International Student Applicants

International students are considered for merit aid on exactly the same terms as US citizens. We are intensely proud of our ability to recruit talented students from around the world, many of them prize-winning undergraduates at top national universities, and several coming with a MA degree already in hand. The fact that some may have had less exposure to the social sciences should be no deterrent. If you have excelled in your prior studies, we are confident that you will find in Computation the opportunity to make life-altering transitions in your area of academic expertise.

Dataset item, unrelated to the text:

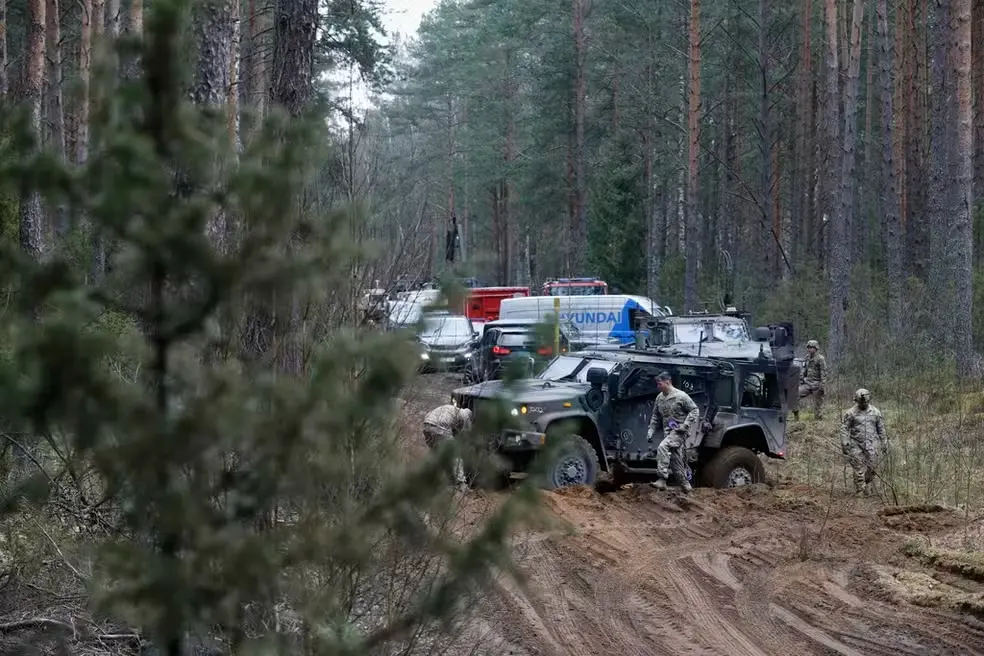 A imagem mostram soldados em terreno pantanoso com carros militares em meio a uma densa floresta em busca de soldados americanos desaparecidos na Lituânia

The Transition to Graduate Research

International students often wonder whether their undergraduate preparation will be adequate for UChicago seminars, because of different institutional practices in how the core disciplines are taught, and different academic expectations for how their work will be assessed. They should know that many American students have that same concern. Undergraduate students are expected to read and understand difficult material that other researchers have established. That’s a challenging task, and essential for scholarly development, but the starting point of serious inquiry as you move forward in your studies. Graduate researchers are assessed by the intellectual contributions they make. You will learn to ask interesting questions, to identify the most recent and challenging responses, to specify how your engagement will differ, and to outline how existing conversations might change should your hypothesis prove correct. The entire two-year program will help you make the transition to professional-grade research. We help you make smart methodological choices, and smart theoretical interventions, for whatever research problem you propose.

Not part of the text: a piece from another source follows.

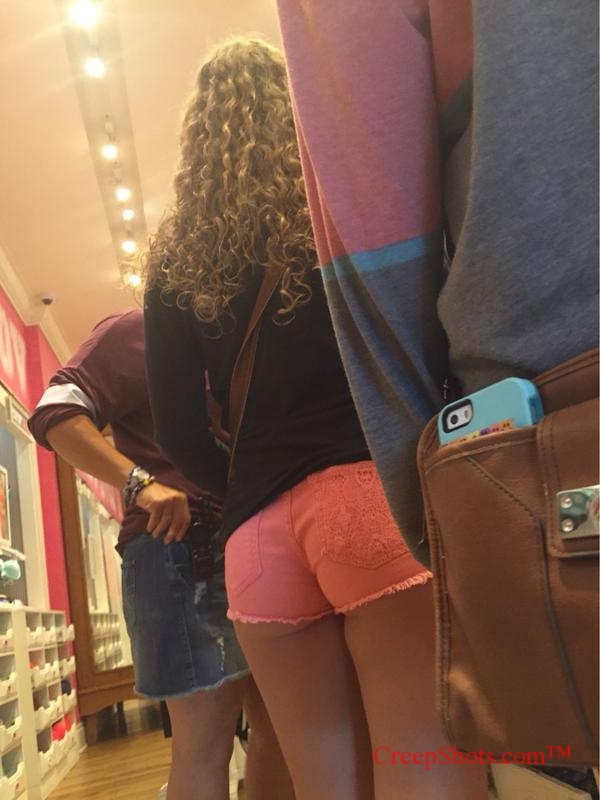 candid peach booty shopping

The Computation Preceptors

The transition to graduate research can be daunting, as you learn to write for a professional readership. How do you get someone with twenty years of expertise to revisit their assumptions, or their understanding of a problem, after reading your work? PhD students typically take four or five years to figure out how to do that. In Computation you have the singular benefit of a doctoral student preceptor, someone whose overriding concern is to communicate, week by week, the informal norms that govern academic research. Your preceptor will assist with your course selections, with your choice of faculty advisor for the MA paper, and with the development of the MA thesis, from the initial proposal through the submission of your final draft. They are selected from the very finest doctoral students in the Division. You are strongly advised to make as much use of them as possible. You will also have ongoing mentorship and advice from our senior academic staff.

The MA Thesis

All students complete a 30 to 70 page double-spaced paper, modeled on a professional journal article. The average MA thesis is 40 double-spaced pages in length. With their preceptor’s assistance, students can approach any UChicago faculty member as their MA thesis advisor. That normally follows the completion of the MA Proposal Workshop toward the end of your first year, when students have a developed sense of their research question, the relevant literatures, and their intended research design. Formally the MA thesis has three stages. Students complete a 5-page MA proposal that must be approved by the Faculty Reader; they then agree on a submission timeline for receipt of the first draft; the Faculty Reader and preceptor each take two weeks to respond with comments; and the student completes and submits the revised version for detailed evaluations from both readers.

Graduate Seminars

UChicago seminars are designed to take students who may have had little or no exposure to the graduate literatures in a particular area, and bring them right up to speed with the most current research in the field. An important consequence is that the seminars move very fast. Courses with heavy reading loads may require 300 pages per week; more technical or methodologically oriented classes often have weekly problem sets, with midterm and final exams. Students take three courses in each of the Fall, Winter, and Spring quarters. Why does the University of Chicago choose an academic curriculum this ambitious and intellectually intense? You will know the distinct pleasure of feeling smarter each Friday than you were at the beginning of the week.

Timeline for Degree

The academic year begins in late August/early September with our preparatory math camps and concludes in mid-June. Many students will arrive earlier on campus, either to join a Psychology lab or to participate in the Academic English Program. The academic calendar is authoritative and your most reliable guide for booking travel. Students work with our Career Service team to find internship or research experiences during the summer after their first year. International students can apply for CPT (Curricular Practical Training) in order to maintain their legal status without impacting their OPT eligibility. 

Non-Native English Speakers

Please see this page for a discussion of current Divisional TOEFL policy. For anyone who does not have English as a native language, the University’s English Language Institute has inaugurated a number of programs that should be of interest. For a fraction of what it would cost elsewhere, students can take a 4-week summer program in Academic English. They can participate in 8-week ESL courses during their MA year. And they can sign-up for a variety of very low-cost, fun, and informative extracurricular activities.